AutoMegaKernel IR Specification (`docs/IR_SPEC.md`)

The standalone specification of the AMK megakernel intermediate representation, the "DWG-format" asset AMK owns. It defines the SM-level task-DAG, the counter-synchronization model and its two safety invariants, the buffer/page memory model, the ScheduleConfig search surface, the on-disk JSON format, and the mapping to the on-device ABI in vm/abi.h. The normative Python reference is schedule/ir.py; this document is written so an external team could build a compatible importer, validator, or VM. Where prose and code disagree, schedule/ir.py wins.

Versions: IR_VERSION = "0.2.0" (on-disk format), ABI_VERSION = "0.2" (on-device ABI, mirrors AMK_ABI_VERSION_{MAJOR,MINOR} in vm/abi.h). Minor bumps are additive/compatible; MegakernelProgram.from_dict rejects a major mismatch. The format is dependency-free pure Python + stdlib, you can read, validate, diff, and version a schedule on a laptop with no GPU.

1. Overview & data model

A program is a schedule.ir.MegakernelProgram: a complete, runnable-after-validation megakernel schedule. It is the artifact compile.py emits, the flywheel stores, and the VM loads.

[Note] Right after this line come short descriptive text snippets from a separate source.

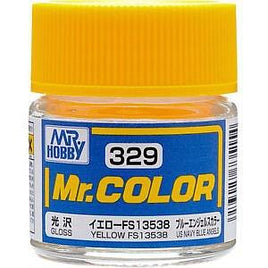 C329 Mr. Color Yellow FS13538 10ml - MPM Hobbies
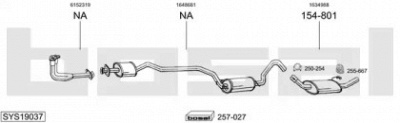 BOSAL sys19037 -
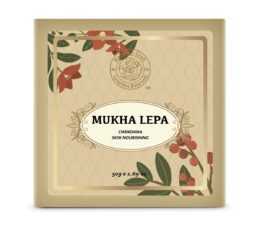 The Nature’s Craft Mukha Lepa Chandan is a nourishing facial masque infused with Pure Sandalwood Paste and Gotu kola which effectively tone, firm and hydrate the skin.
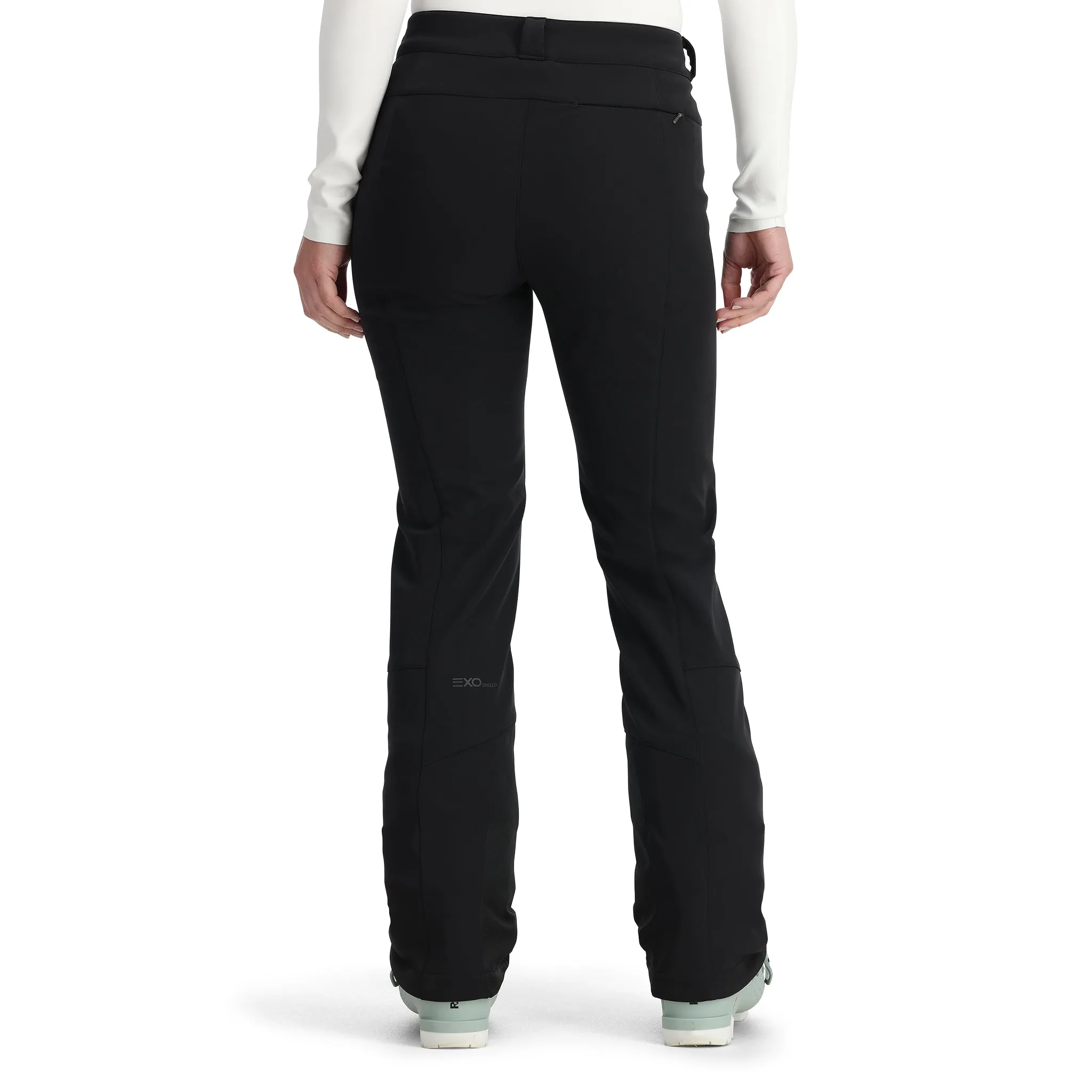 Womens Orb Softshell Pants - Black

Its parts:

Field	Type	Role
`meta`	`dict`	`{model, gpu, regime, dtype, notes…}`, provenance for `results.tsv`.
`target`	`GpuTarget \| None`	the GPU described as data (the retargeting surface).
`buffers`	`list[Buffer]`	every named tensor (weights, activations, KV, IO, consts).
`counters`	`list[Counter]`	synchronization counters (the only cross-task signalling).
`tasks`	`list[Task]`	the DAG nodes; each == one ABI instruction invocation on one SM.
`pages`	`PageAllocation \| None`	physical scratch-slot binding for activations (Layer 2 output).
`config`	`ScheduleConfig \| None`	the Loop-2 search point that produced this lowering.
`ir_version`, `abi_version`	`str`	format/ABI versions.

The task-DAG is the heart: nodes are Tasks, edges are producer→consumer relations induced by counters (MegakernelProgram.dependency_edges()). A forward pass is a DAG; execution is a topological walk of it with monotonic counters. There are no locks and no arbitrary signalling, only counter increments and static-threshold waits.

1.1 Enums (numeric codes are CANONICAL, mirrored in `vm/abi.h`)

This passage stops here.